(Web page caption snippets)

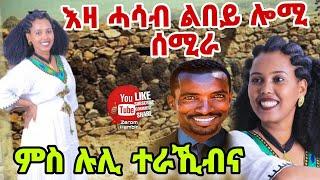 ሉሊ መን እያ ስፍሕ ዝበለ ዕላል ምስ መጻኢት ቢዓልቲ ቤተይ️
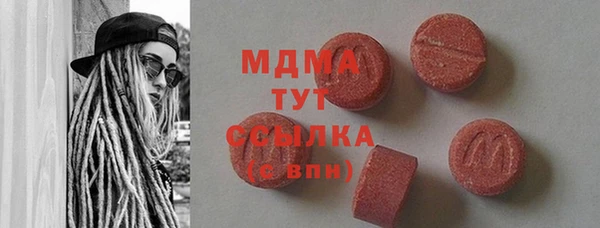 крисы Алзамай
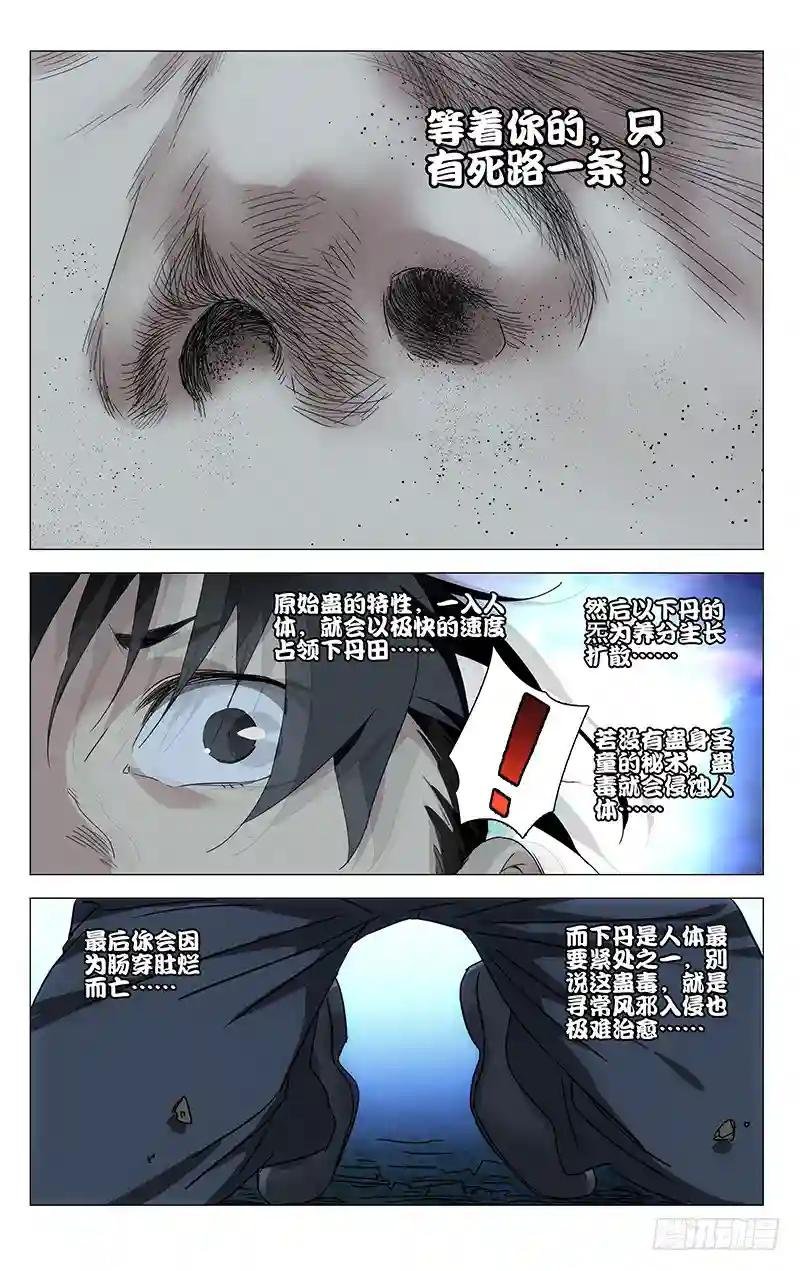 288差点被“松花蛋”打出大结局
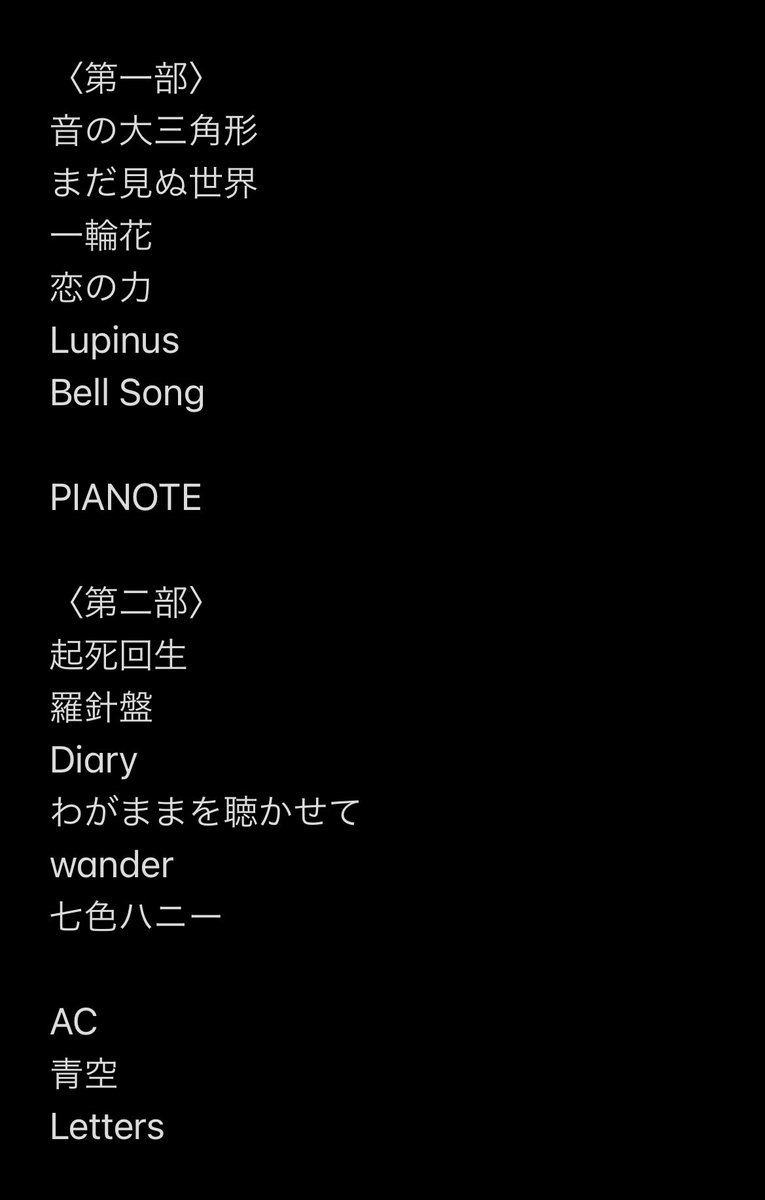 masato_3note's tweet photo. ワンマンライブ
セットリスト公開
2023.9.16
#3NOTE https://t.co/UrA5MbfSOU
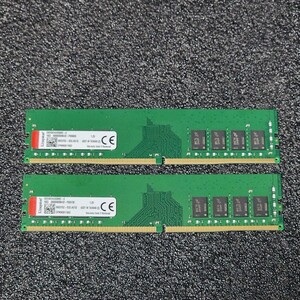 Kingston DDR4-2666MHz 16GB (8GB×2枚キット) CBD26D4U9S9ME-8 動作確認済み デスクトップ用 PCメモリ 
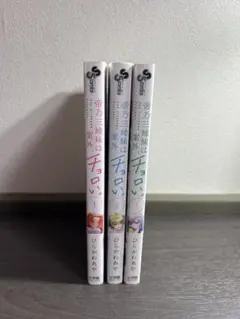 特典付き　帝乃三姉妹は案外、チョロい。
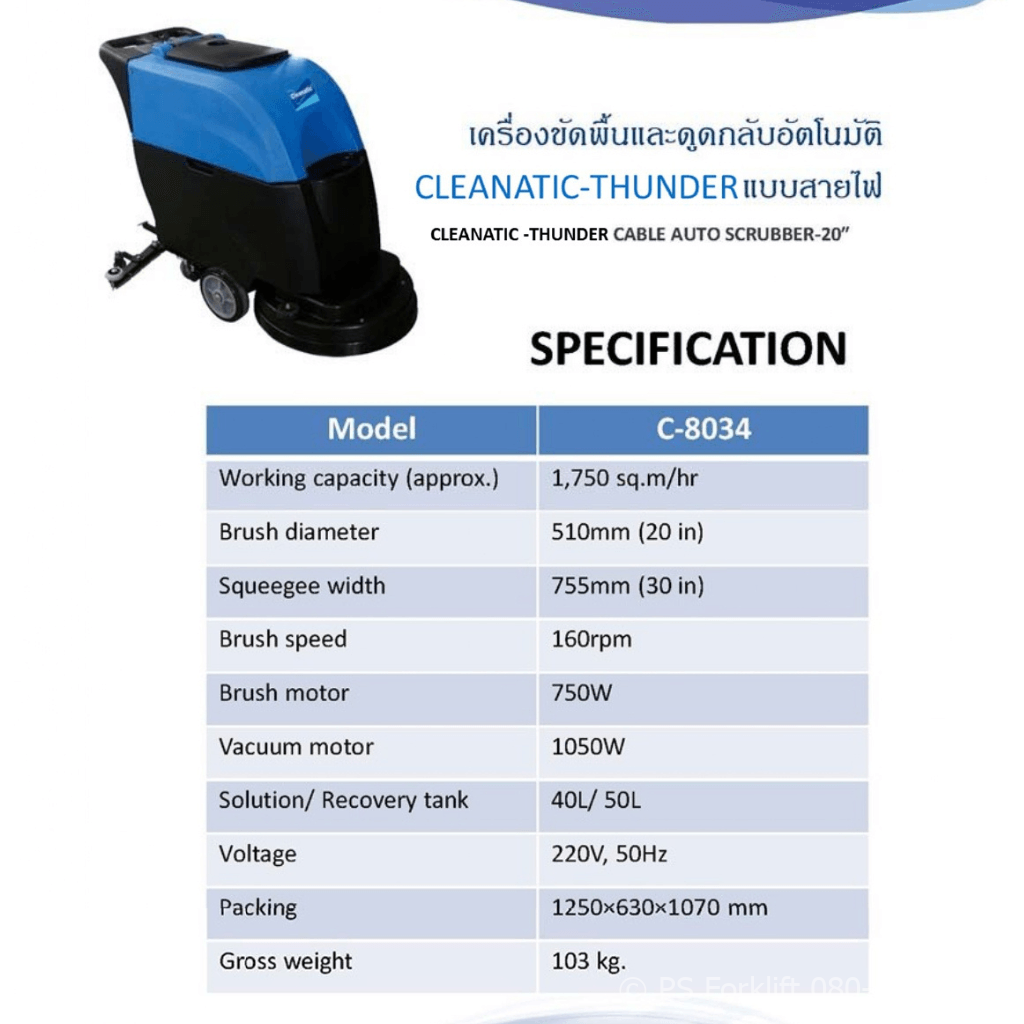 เครื่องทำความสะอาด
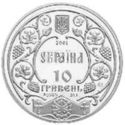 10 Hryven (Princes of Ukraine. Yaroslav the Wise)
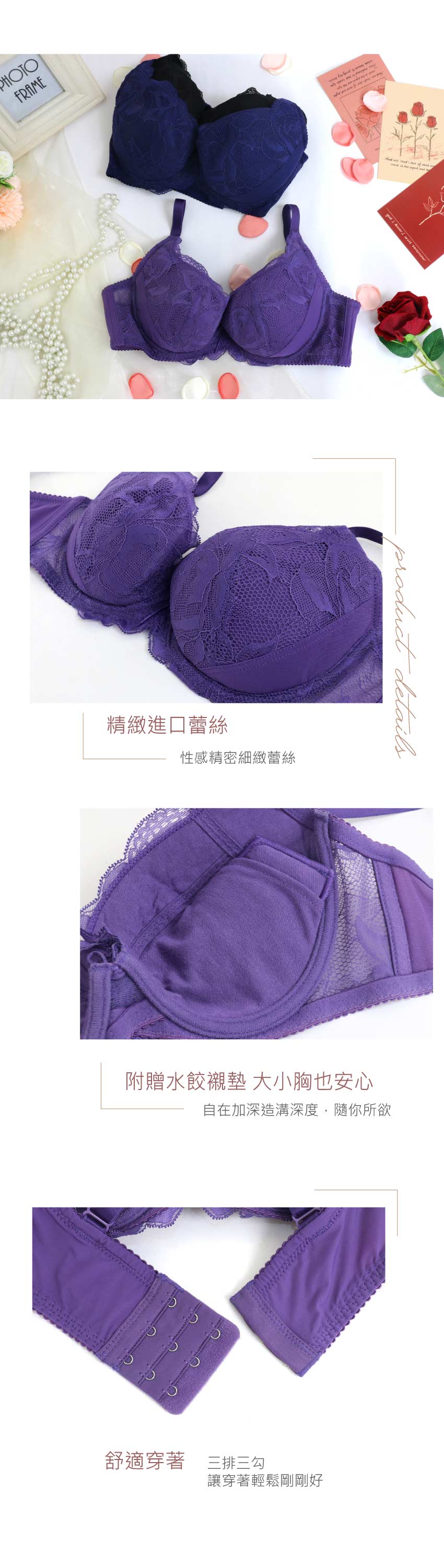 午夜朦朧 性感蕾絲 包覆集中舒棉內衣BC罩杯(紫)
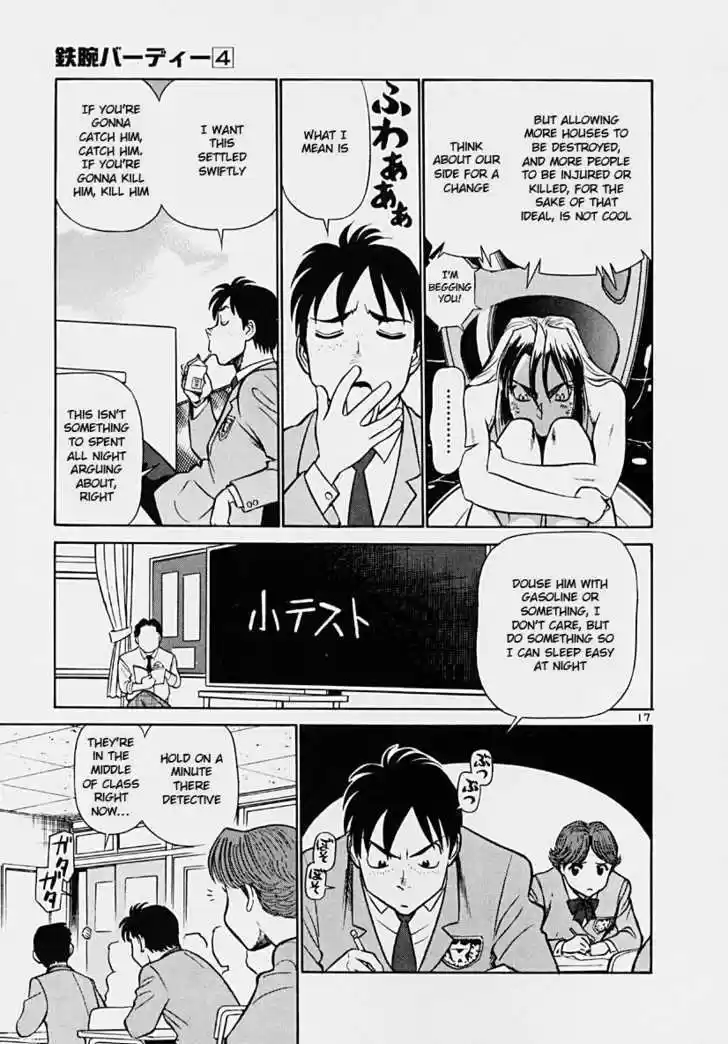 Birdy the Mighty II 35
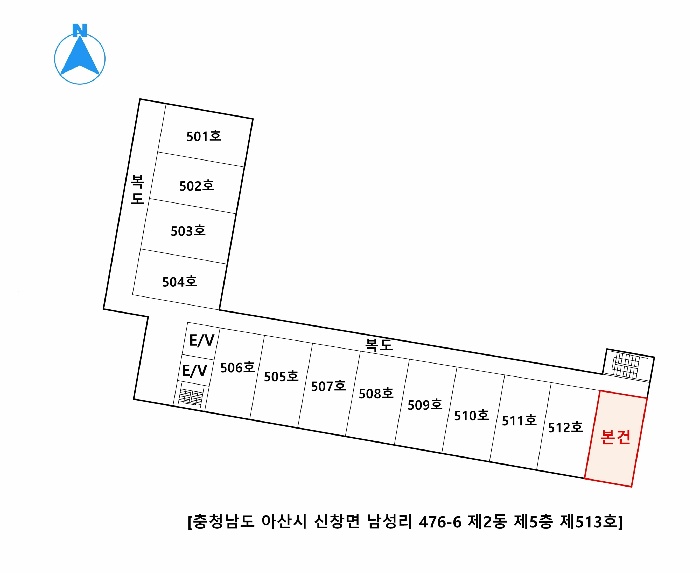 천안지원 2025타경814-1 사진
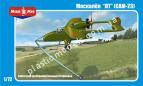 1/72 Микро Мир 72002 Москалев ЛТ (САМ-23)
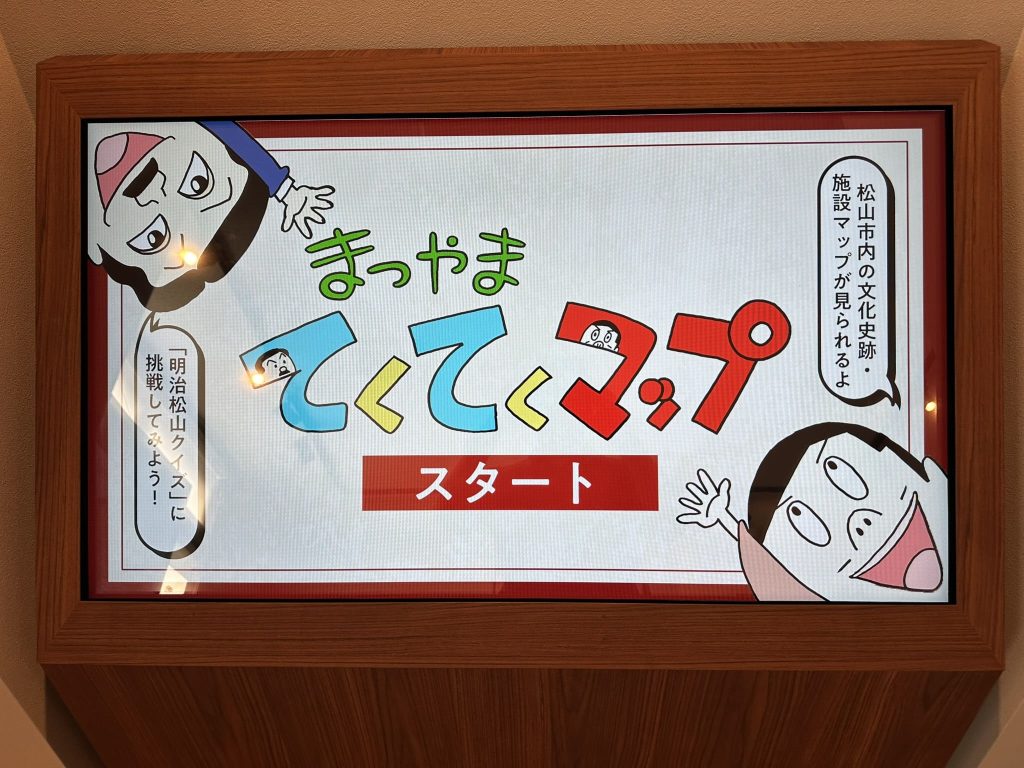 愚陀仏庵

-- WORK INSTRUCTION --
Leave out all pictures and retype precisely the lines that run from the line containing "masato_3note's tweet photo. ワンマンライブ" to the last line of the records.

-- RESULT FOR THIS EXERCISE --
 masato_3note's tweet photo. ワンマンライブ
セットリスト公開
2023.9.16
#3NOTE https://t.co/UrA5MbfSOU
 Kingston DDR4-2666MHz 16GB (8GB×2枚キット) CBD26D4U9S9ME-8 動作確認済み デスクトップ用 PCメモリ 
 特典付き　帝乃三姉妹は案外、チョロい。
 เครื่องทำความสะอาด
 10 Hryven (Princes of Ukraine. Yaroslav the Wise)
 午夜朦朧 性感蕾絲 包覆集中舒棉內衣BC罩杯(紫)
 Birdy the Mighty II 35
 천안지원 2025타경814-1 사진
 1/72 Микро Мир 72002 Москалев ЛТ (САМ-23)
 愚陀仏庵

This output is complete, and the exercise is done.